:: SOURCE MATERIAL

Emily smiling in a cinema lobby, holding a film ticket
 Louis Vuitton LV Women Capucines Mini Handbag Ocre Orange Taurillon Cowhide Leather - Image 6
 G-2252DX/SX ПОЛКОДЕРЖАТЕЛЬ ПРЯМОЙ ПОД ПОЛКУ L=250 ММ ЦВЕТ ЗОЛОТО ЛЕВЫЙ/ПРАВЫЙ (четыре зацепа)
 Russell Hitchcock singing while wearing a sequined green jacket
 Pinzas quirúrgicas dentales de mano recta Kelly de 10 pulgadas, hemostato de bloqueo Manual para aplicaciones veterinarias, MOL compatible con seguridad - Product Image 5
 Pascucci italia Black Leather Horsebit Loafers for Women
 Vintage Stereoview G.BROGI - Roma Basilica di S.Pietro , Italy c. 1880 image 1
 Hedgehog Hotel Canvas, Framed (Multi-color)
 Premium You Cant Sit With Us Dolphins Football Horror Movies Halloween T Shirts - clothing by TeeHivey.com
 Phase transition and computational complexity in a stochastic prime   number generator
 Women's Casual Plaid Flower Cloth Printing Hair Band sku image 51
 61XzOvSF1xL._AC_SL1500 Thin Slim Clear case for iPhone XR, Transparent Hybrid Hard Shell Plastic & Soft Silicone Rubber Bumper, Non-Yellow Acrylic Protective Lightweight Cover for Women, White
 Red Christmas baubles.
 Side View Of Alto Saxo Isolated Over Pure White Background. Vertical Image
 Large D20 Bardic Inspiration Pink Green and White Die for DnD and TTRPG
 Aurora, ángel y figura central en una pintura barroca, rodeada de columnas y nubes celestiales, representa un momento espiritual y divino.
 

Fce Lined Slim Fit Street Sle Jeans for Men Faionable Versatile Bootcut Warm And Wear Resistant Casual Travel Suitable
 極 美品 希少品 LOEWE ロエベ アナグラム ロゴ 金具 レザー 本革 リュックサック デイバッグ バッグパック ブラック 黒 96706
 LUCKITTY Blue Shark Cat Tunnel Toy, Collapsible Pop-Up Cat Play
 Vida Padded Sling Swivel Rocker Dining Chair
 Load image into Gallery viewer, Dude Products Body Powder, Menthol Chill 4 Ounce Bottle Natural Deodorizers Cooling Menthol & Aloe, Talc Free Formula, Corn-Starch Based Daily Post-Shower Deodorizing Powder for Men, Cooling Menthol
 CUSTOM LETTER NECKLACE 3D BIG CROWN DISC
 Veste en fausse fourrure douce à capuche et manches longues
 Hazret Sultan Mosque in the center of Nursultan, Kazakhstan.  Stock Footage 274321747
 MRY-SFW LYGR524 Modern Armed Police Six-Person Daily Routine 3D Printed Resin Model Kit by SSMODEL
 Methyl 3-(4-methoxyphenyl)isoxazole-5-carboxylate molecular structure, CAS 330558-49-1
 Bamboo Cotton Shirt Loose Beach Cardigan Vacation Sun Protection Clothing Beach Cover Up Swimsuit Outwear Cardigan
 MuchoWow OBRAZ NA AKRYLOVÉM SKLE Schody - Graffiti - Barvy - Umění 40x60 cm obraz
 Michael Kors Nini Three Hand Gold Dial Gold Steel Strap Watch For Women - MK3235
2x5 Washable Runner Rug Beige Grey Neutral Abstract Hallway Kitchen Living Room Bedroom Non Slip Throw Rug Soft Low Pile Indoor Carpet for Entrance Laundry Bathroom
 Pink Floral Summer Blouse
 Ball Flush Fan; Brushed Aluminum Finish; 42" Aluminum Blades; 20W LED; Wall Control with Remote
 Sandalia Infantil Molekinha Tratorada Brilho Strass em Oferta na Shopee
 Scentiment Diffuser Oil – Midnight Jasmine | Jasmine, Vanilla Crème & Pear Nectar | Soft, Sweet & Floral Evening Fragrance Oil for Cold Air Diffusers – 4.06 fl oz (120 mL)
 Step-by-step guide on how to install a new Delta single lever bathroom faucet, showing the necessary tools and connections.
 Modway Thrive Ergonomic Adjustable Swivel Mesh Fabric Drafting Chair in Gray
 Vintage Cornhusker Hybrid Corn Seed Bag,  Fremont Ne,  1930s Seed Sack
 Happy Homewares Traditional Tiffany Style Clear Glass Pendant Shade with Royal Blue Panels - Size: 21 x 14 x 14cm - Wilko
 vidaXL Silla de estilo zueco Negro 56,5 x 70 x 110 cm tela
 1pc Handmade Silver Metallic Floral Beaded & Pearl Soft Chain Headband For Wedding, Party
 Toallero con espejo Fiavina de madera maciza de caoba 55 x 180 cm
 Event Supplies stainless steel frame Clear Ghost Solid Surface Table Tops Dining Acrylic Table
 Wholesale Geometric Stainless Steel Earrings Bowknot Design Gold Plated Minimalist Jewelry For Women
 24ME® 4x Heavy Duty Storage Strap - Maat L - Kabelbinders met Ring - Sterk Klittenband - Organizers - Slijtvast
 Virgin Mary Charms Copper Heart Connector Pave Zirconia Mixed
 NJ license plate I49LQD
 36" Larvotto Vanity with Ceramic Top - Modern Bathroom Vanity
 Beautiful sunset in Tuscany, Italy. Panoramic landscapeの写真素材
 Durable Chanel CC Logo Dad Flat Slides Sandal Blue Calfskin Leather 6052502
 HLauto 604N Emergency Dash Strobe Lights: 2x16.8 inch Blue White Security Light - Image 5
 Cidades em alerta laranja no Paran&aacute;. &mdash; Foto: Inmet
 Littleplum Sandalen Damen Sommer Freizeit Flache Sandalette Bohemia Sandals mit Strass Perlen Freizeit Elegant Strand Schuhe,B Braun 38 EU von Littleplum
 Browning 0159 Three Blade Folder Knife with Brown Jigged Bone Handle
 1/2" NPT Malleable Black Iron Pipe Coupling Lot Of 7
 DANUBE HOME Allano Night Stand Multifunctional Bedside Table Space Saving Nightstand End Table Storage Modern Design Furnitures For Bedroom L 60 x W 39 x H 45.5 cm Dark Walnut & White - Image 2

::::

PROMPT: All that is wanted is an exact copy of the lines above from the one with "Modway Thrive Ergonomic" through the one with "Beautiful sunset in", with both ends included.

TASK ANSWER:
 Modway Thrive Ergonomic Adjustable Swivel Mesh Fabric Drafting Chair in Gray
 Vintage Cornhusker Hybrid Corn Seed Bag,  Fremont Ne,  1930s Seed Sack
 Happy Homewares Traditional Tiffany Style Clear Glass Pendant Shade with Royal Blue Panels - Size: 21 x 14 x 14cm - Wilko
 vidaXL Silla de estilo zueco Negro 56,5 x 70 x 110 cm tela
 1pc Handmade Silver Metallic Floral Beaded & Pearl Soft Chain Headband For Wedding, Party
 Toallero con espejo Fiavina de madera maciza de caoba 55 x 180 cm
 Event Supplies stainless steel frame Clear Ghost Solid Surface Table Tops Dining Acrylic Table
 Wholesale Geometric Stainless Steel Earrings Bowknot Design Gold Plated Minimalist Jewelry For Women
 24ME® 4x Heavy Duty Storage Strap - Maat L - Kabelbinders met Ring - Sterk Klittenband - Organizers - Slijtvast
 Virgin Mary Charms Copper Heart Connector Pave Zirconia Mixed
 NJ license plate I49LQD
 36" Larvotto Vanity with Ceramic Top - Modern Bathroom Vanity
 Beautiful sunset in Tuscany, Italy. Panoramic landscapeの写真素材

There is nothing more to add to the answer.